Perhaps the bribe helped, but when I helplessly gestured to my bag, full of the pieces of my Basic Black cardigan, Leanne put aside her afghan square to help. Secretly, it may have also had to do with the fact that the stitch pattern for the square wasn’t working out. Instead of looking like cute little leaves, it looked rather like an afghan square decorated with bobbly nipples–sorry, Leanne! Anyway, I pulled out my tapestry needle, the smell of incense filled the air and I woke a few hours later, with this in my numb hands…
Actually, there was no incense, but it did seem like magic when Leanne showed me how to seam the shoulder parts together.
Also, despite their humble origins, the cupcakes went over rather well. A steady stream of shoppers meant that I didn’t have to bring home too many. Ah, Betty Crocker, we worship at thy cardboard altar! Even the older woman who cheerfully referred to me as “kid,” seemed to enjoy her cupcake. (Also; since when did old people call people ‘kid’? Doesn’t that just happen in movies?)
I have officially declared my missing six 6 needle dead. I wept, and then bought another pair of them, bamboo, to match the old ones. Wednesday I will update the t-shirt KAL. Thank goodness for DK weight…my struggles with laceweight, well…they’ll make another blog post…filled with fake swears…
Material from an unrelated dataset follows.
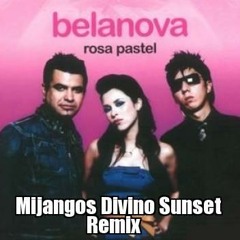 Belanova - Rosa Pastel (Mijangos Divino Sunset Remix)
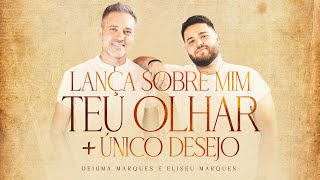 Deigma Marques E Eliseu Marques - Lança Sobre Mim Teu Olhar + Único Desejo | Lyric Vídeo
Let’s put it this way: I am the most unlikely person to have become a knitter. The other day, I turned to my mother.
“If you had to pick between any of your daughters,” I said, “Would you have ever picked me as the person to start knitting?”
She grinned slightly.
“No,” she answered and I could tell that she still couldn’t believe that I was knitting.
This Friday, I added a new skill—spinning. Heidi, at Ravelry under the name knittinggalore, took pity on me. I wanted a spindle, badly. She had a spindle that she no longer needed. In fact, the exact spindle that I wanted; a Little Si spindle from Cascade.
Guess what came in the mail on Friday?
It’s light, smooth and beautiful. But Heidi didn’t just sent a spindle. No, she knew that I was learning how to spin, so she tucked in a little surprise. A light, fluffy merino surprise that weighed 3 1/2 ounces—hand-dyed pencil roving in the colorway, “Woodland,” from Enchanted Knoll Farm.
That pencil roving made me look a genius.
I grabbed the roving, my spindle, and used the leader that Heidi had already thoughtfully attached.
Yeah, and…well…as you can see from the picture above, I was kind of sucked in. I spun all of it. Every last bit. I washed it, and now it’s dry, fluffy skein of amatuer, spindle-spun yarn. I didn’t have to draft anything. I spun. I wound. My family gaped.
“Let me try,” my younger sister insisted.
Left to my own devices, I never would have picked this color. But that name, Woodlands, instantly reminded me of that famous comedy, A Midsummer’s Night Dream. Maybe I have it on my mind because my older sister is acting in a college production of the play. She causally strolled home and announced that she had snagged the role of Hermia. The play starts next month; meanwhile I am forced to read everyone elses’ lines so that she can practice.
I would guess that it’s around a worsted weight. It’s single-ply, because I have no patience (or skill) to try plying it yet. Did I mention that this is soft?
At the yarn store this Saturday, LeAnne was forced to listen to me prattle about how much fun that I had, and how cool this was, blah, blah, blah. She offered some advice–don’t weight your drying yarn; that’s what you do to weaving yarn, not knitting yarn. I grabbed the phone and told my younger sister to take off the (literal) hand weight that I was using because a book—oh hallowed book—that said that I should. Book VS LeAnne, who do you think won?
The pencil roving spun very easily, and it made me so much more confident. The beginner spinning class starts on the second Saturday next month. Pat, the owner of the yarn store, will be teaching the class. A little knowledge is a dangerous thing, my friends.
Now I have to make something with my yarn!